I do carry a redtac rear bag with me at all times. I would have to leave something else at home if needed to lighten up the pack. We have just spent 3 days shooting in the mountains and most of the shots (on rocks) were holding 1/2 moa accuracy. The majority of the shots were in the 800 to 1200 range with some time spent on some rocks at 1500 and 1800. Even my 300 win was able to keep them on a rock at 1800. I was impressed. These shots in mountain field conditions were taken with my method in post one using a rear bag. No hand on top the scope, no sling , just the cradle method.
Brother Jeff I have no question but that it worked as well for you as you say.
I was thinking of a better way to explain it since i don't have a way to take a picture of myself doing it.

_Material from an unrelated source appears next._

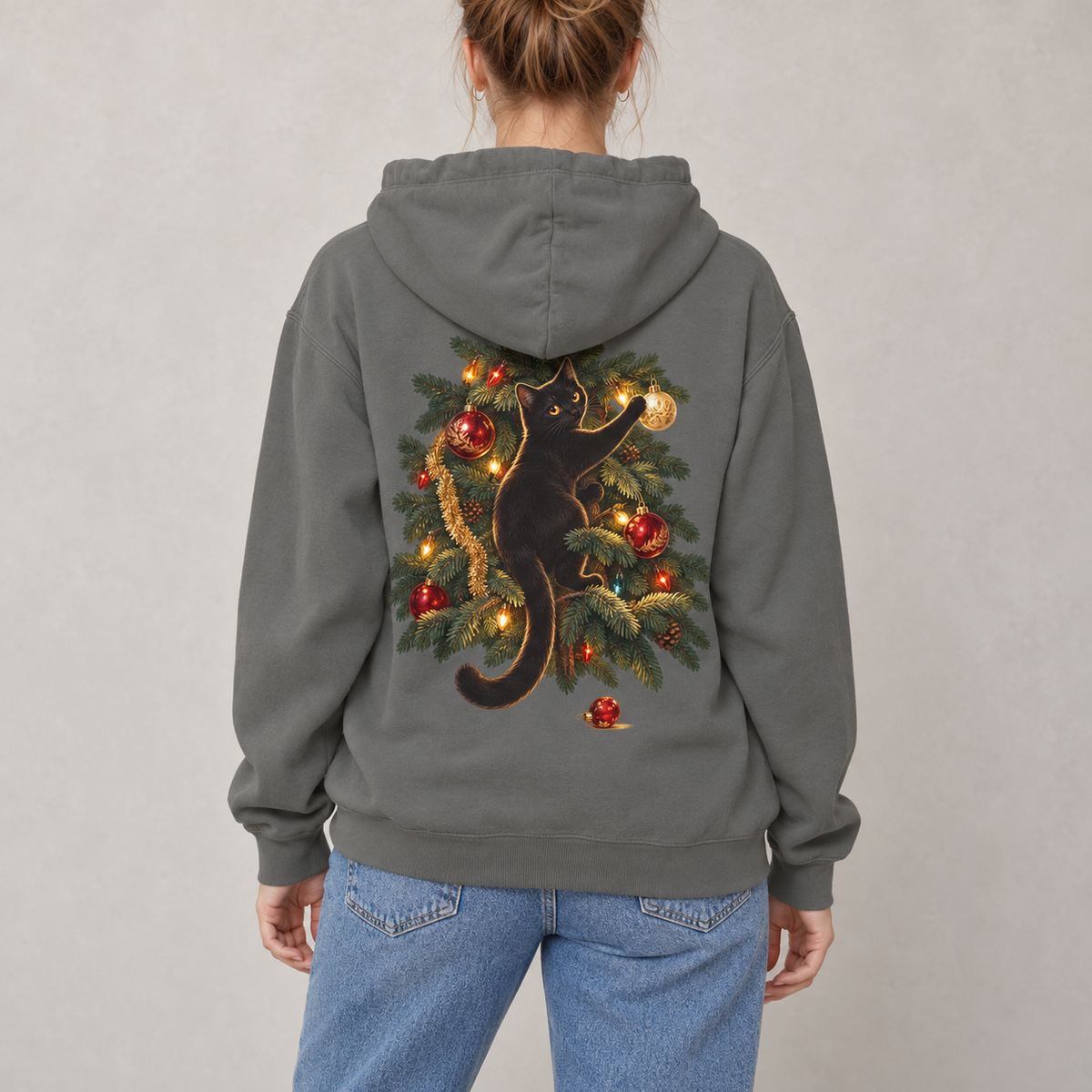 Black Cat Christmas hoodie in Grey worn, back view with the cat climbing the Christmas tree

Essentially what I'm doing is adding a great deal of weight to the rifle. My elbow is just sitting inside the loop of the sling.
When I raise up the butt to my shoulder it puts downward tension on the sling pulling the stock down.

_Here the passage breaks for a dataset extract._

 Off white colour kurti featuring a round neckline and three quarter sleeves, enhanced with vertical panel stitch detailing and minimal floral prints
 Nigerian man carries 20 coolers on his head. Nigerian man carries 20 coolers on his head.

I then just rest the palm of my hand against the stock to add a hair more tension.
If the butt then is rested on a rear bag or monopod, you can achieve a great deal of stability.
I'd rather go at it like that than to rest on a pack or just over a log.

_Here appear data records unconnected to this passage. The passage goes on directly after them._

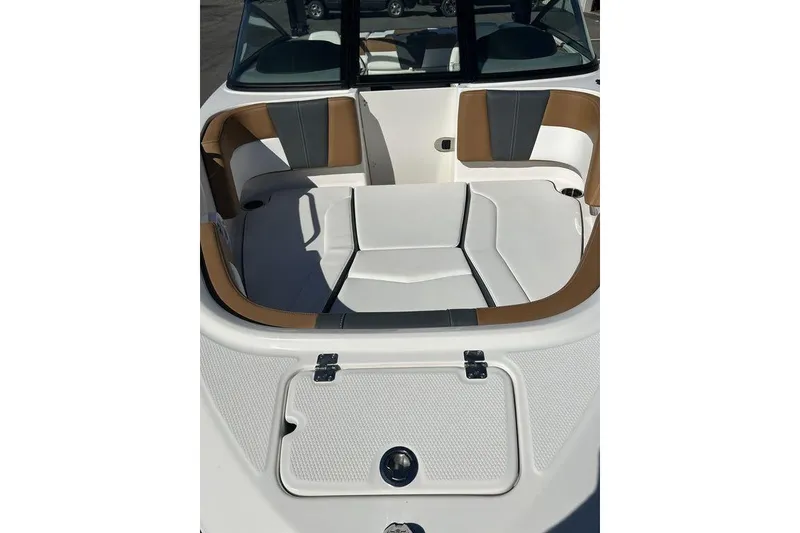 Slide: The Image of 2026 Chaparral 21 SSi boat interior with white and tan seating, open bow design. - 3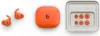 A set of orange Beats by Dr. Dre Powerbeats Fit wireless earbuds with their charging case and extra ear tips, laid out on a white background. Produktbild-Vorschau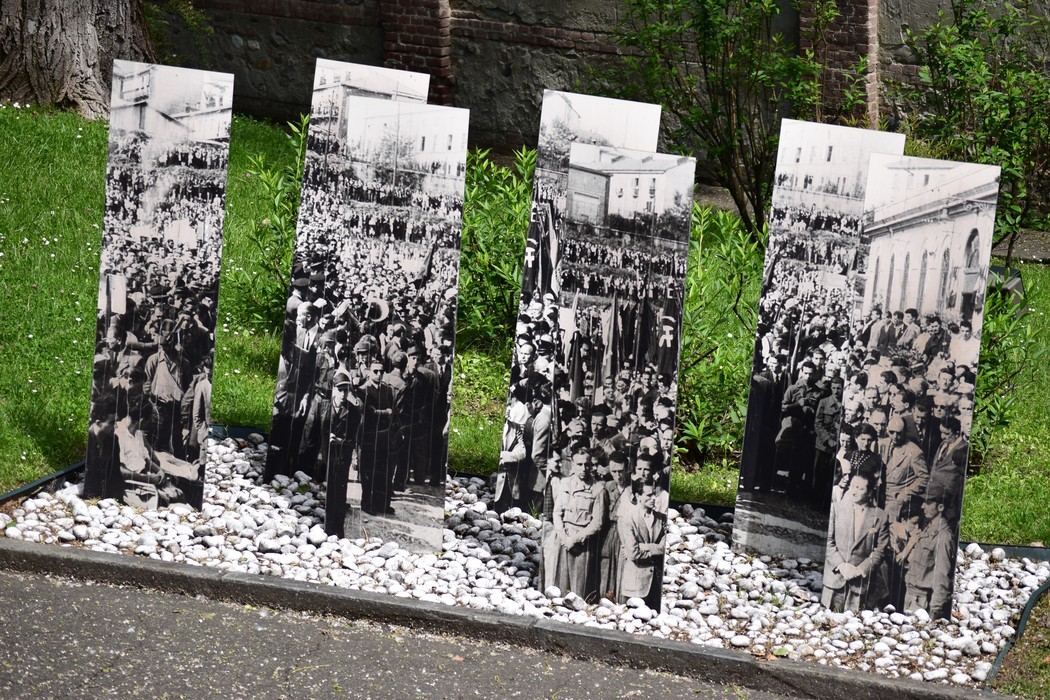 Mostra al pubblico storiche fotografie in bianco e nero, che commemorano eventi significativi, disposte in un romantico giardino.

Some of my hunting places are as rough as it gets with steep slopes, and more rocks than dirt or sand, especially when I'm in NM or far SW Texas.
One thing I did come up with for light weight sand bags was to take some shot bags, fill them with vermiculite, and sew them in thirds and quarters creating separate sealed chambers.
You can fold them, roll them, stack them, whatever and they weigh just about 20% of what sand would.
Still not ideal or as good as having a stack of sandbags and heavy bags on the sides against the rifle but on flat ground or easy slopes they can come in hand for getting that rear bag "just right"
They'll even make a decent cradle for the fore stock set on top of rocks if you have rocks of the appropriate size to work with.